This is a guide on how to optimize your code for use in the Farm cluster. Please note that all of the systems utilizing Slurm only run on Linux.
Slurm is a workload manager that will allocate tasks and resources in a computing cluster. It will not parallelize your code for you and will only 'accelerate' any code that is built for parallelization in the first place. All Slurm commands are executed via text files and/or the command line.
This part of the guide is for the integration of Qutip and Slurm. Please note that I have created a Python package that does everything seen below. The link can be found here: https://test.pypi.org/project/qt-slurm/
Also available in this repo under qt_slurm.
You will need to use Qutip's parallel map function for integration with Slurm. Parallel map's parameters are a function and the array/vars that you will call that function with. Parallel map will assign one calculation of the array to one available CPU core. With n cores, you can process up to n calculations simultaneously. If you have more than n possible calculations, the extra cores will speed up any remaining calculations.
Example: If the function you wish to parallelize is:
def detuning_func(detuning):
args_use = { 'w_c': delta+w0/3+detuning,'w_b': delta+w0/3+detuning,'w_c0': delta+2*np.pi*0.0*MHz,'w_b0': delta+2*np.pi*0.0*MHz,'w_r': delta+detuning, 'phi_r': 0*1*np.pi/2, 'phi_c': 0,'phi_b' :0, 'tau': tperiod}
H=[H0,[H_b,cos_b],[H_c,cos_c],[H_b/10,cos_b0],[H_c/10,cos_c0]] # full green eggs hamitonian
H=[H0,[H_b,cos_b],[H_c,cos_c],[H_b,cos_b0]] # full green eggs hamitonian
outputc = sesolve(H,psi0,times,e_ops = [n], args = args_use,progress_bar=True,options = Options(nsteps = 1e6,max_step = tperiod/1000000,store_final_state = True))
return outputc.expect[0][-1]
and the detuning parameter is:
detuning=np.linspace(2*np.pi*12*kHz,2*np.pi*18*kHz,num_of_divisions)
You would call the parallel map function with:
parallel_map(detuning_func,detunings_arr[i])
This output will not tell you anything useful. However, converting the result to an array will give you the results of your initial function.

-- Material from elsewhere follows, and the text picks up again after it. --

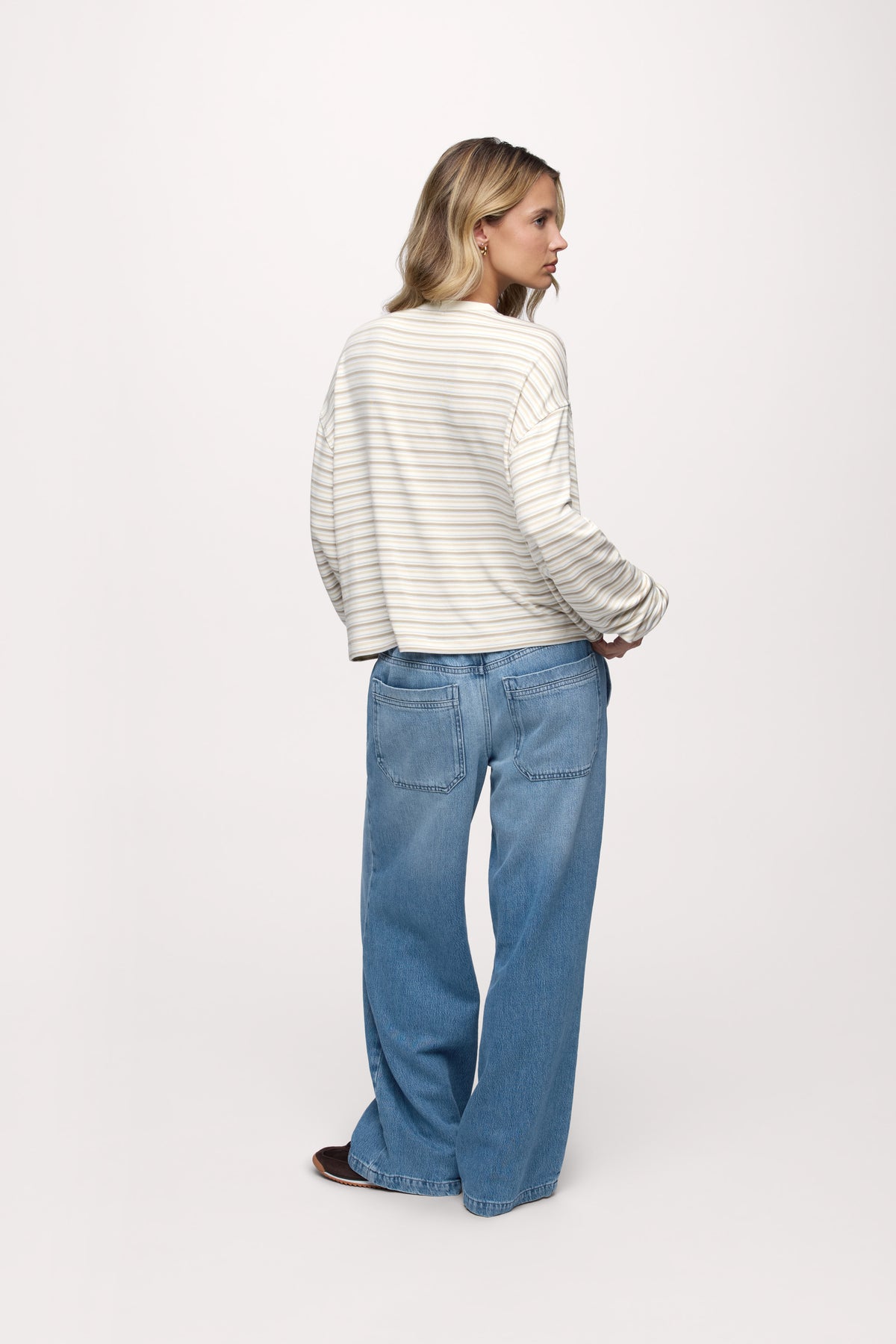 Color:Cocoa Sky Stripe | Boyfriend Stripe Tee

See qt_slurm for more details about integrating Python (including Jupyter Notebook) with Qutip and Slurm.
In order for Slurm to work, you must distribute the Python file you wish to parallelize to all nodes in the cluster. This can be done by uploading the files to the mounted folder at location "$HOME/shared_scripts/" (this folder is available on all nodes). This will automatically distribute the file. See qt_slurm for doing this with Jupyter Notebooks.
There are two ways to start a Slurm job.
The easiest way to start a Slurm job is to use srun. Generally, this can be done in the command line:
srun --ntasks num_of_tasks --cpus-per-task num_of_cores --nodes num_of_nodes (terminal comamand to execute code)
which is equivalent to:
srun -n num_of_tasks -c num_of_cores -N num_of_nodes (terminal comamand to execute code)

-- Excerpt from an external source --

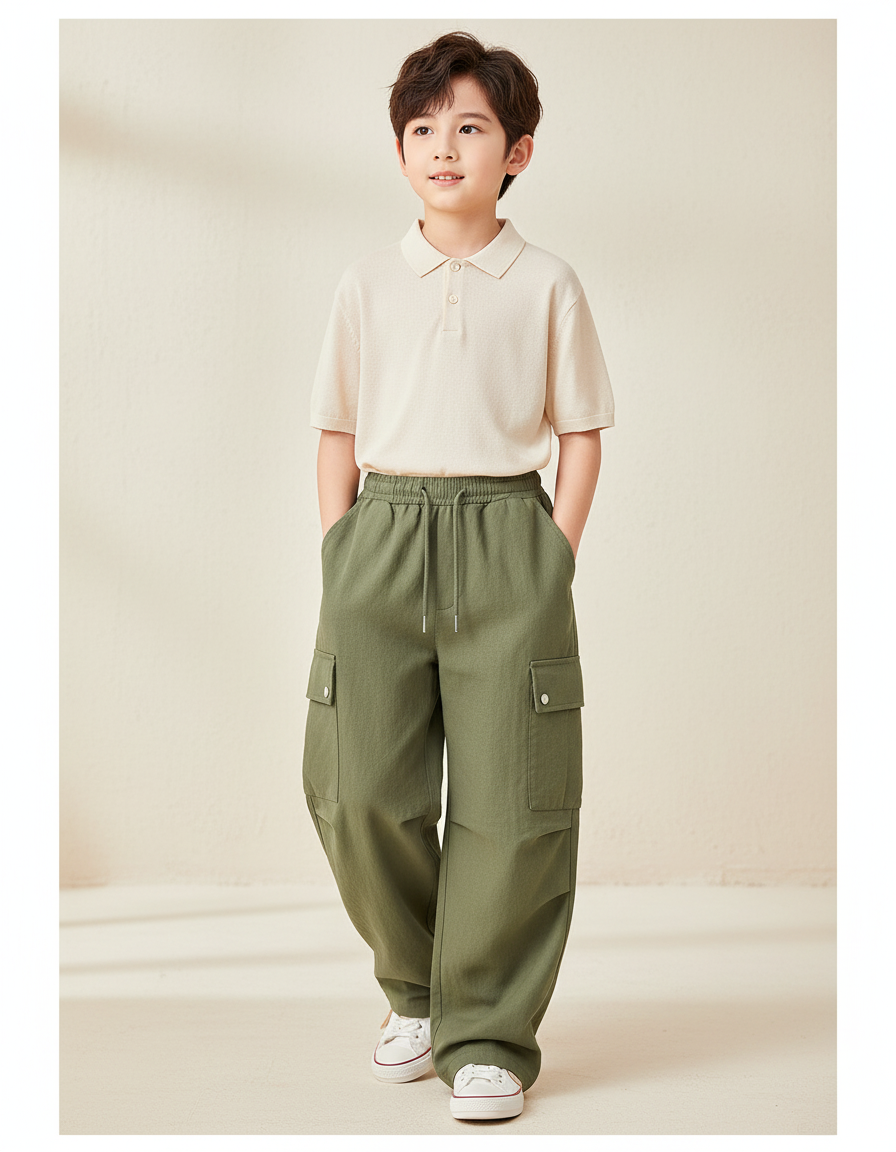 Pantalon Baggy Kaki Coton Ample Cargo Enfant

It is recommended you set the number of tasks equivalent to the number of nodes you are planning on using. For example, if you are planning on using six nodes and eight cores per computer to execute a python script called script.py, your srun command would look like:
srun -n 6 -c 8 -N 6 python script.py
or
srun --ntasks 6 --cpus-per-task 8 --nodes 6 python script.py
You can additionally use sbatch to execute jobs. Sbatch is a text files that will tell the cluster how many nodes, cores, memory, etc., etc. to allocate. Here is a good guide on how to write a script. Ignore usage of modules, they are only used to load Python which is already active on all computers.
An example heading to your script:
#!/bin/bash
#SBATCH --nodes=2
#SBATCH --time=00:05:00
#SBATCH --output=$HOME/sim_data/outputs/%j_out.txt
#SBATCH --error=$HOME/sim_data/outputs//error_msgs/%j_err.txt
Here, the number of nodes, the total time allotted, the location for the output of the code, and the location for any potential error messages are specified. There are many other options that you can add for further customization. Each Slurm command must start with an #SBATCH indicator. The $HOME/sim_data/ folder is mounted across all nodes in the computer so any additions in one folder will be reflected in a folder at the same path on all nodes.

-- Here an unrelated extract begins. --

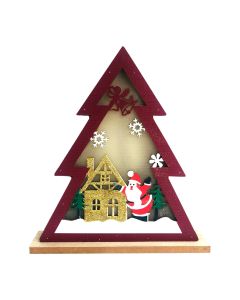 ARBOL DE NAVIDAD MADERA CON LUZ Y CASITA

Following this, you can add any terminal commands you need to run your code. This can include activating a virtual environment, making a directory, and more. Following the example seen in the srun section, an example sbatch script may look like:
#!/bin/bash
#SBATCH --nodes=6
#SBATCH --cpus-per-task=8
#SBATCH --ntasks=6
#SBATCH --output=$HOME/sim_data/outputs/%j_out.txt
#SBATCH --error=$HOME/sim_data/outputs//error_msgs/%j_err.txt
python script.py
For this demonstration, I will be referring to the 'python script.py' example. When writing python script.py (in terminal or with Slurm), you are essentially writing $HOME/path/to/python $HOME/script.py (assuming you are executing the script out of your $HOME directory). This $HOME directory is the directory of whichever computer you are running the script from. For example, if you are running srun from a computer with directory /home/farmer and one of the nodes has home directory /home/farmer_different, the farmer_different computer will receive the command as /home/farmer/path/to/python /home/farmer/script.py. However, this computer will have each of these stored at /home/farmer_different/path/to/python and /home/farmer_different/script.py, meaning that the execution of any Slurm commands will only work if the Home directories are the same.
This, however, is not a reasonable thing to assume. Therefore, if there are multiple nodes with different usernames/Home directories, you must create a Symbolic Link using symlink. You can create a link between /home/farmer/ and whatever the different Home directory is (for example /home/farmer_different):
sudo ln -s /home/farmer_different /home/farmer
This will make it so there is a mirrored folder /home/farmer in the farmer_different computer that allows for the farmer_different computer to open files and commands specified to the /home/farmer directory.